Content starts

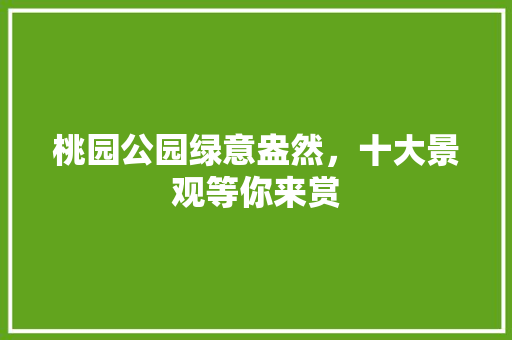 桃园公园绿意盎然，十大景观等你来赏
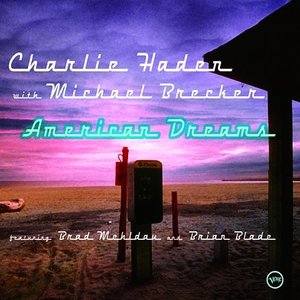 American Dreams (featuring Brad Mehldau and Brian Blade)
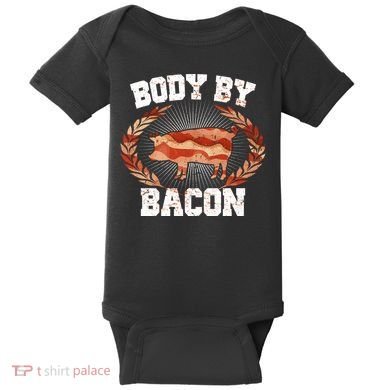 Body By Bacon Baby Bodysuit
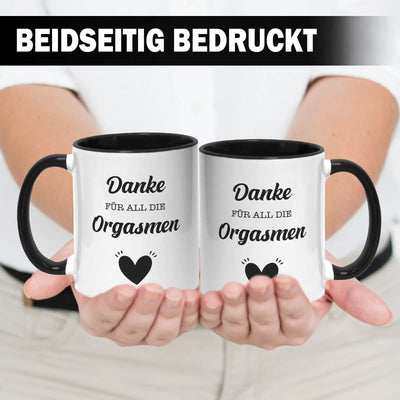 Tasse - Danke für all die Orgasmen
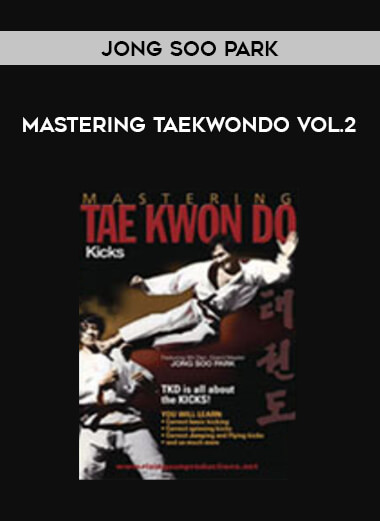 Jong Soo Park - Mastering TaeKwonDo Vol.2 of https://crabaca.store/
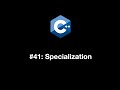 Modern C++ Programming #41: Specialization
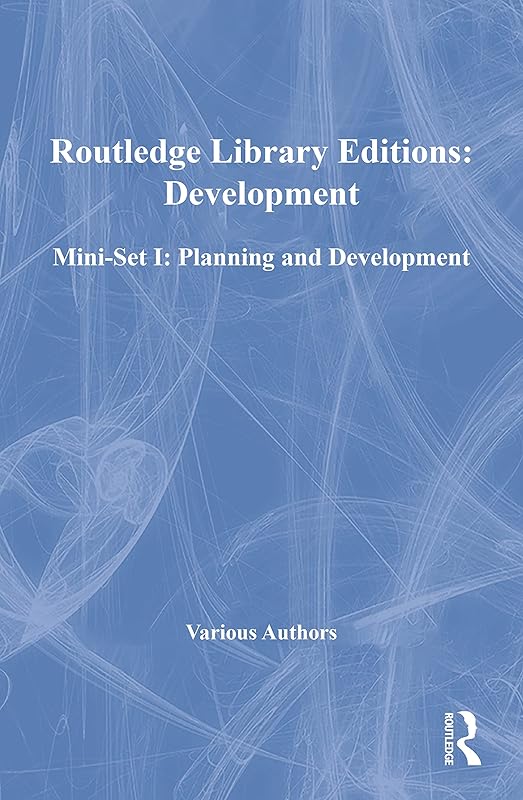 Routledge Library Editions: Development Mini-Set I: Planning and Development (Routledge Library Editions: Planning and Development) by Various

Content ends

▶ Goal of the exercise
The line containing "Modern C++ Programming #41: Specialization" and every line after it, through the end of the material above, are to be printed exactly; no pictures belong in the output.

▶ Finished task
 Modern C++ Programming #41: Specialization
 Routledge Library Editions: Development Mini-Set I: Planning and Development (Routledge Library Editions: Planning and Development) by Various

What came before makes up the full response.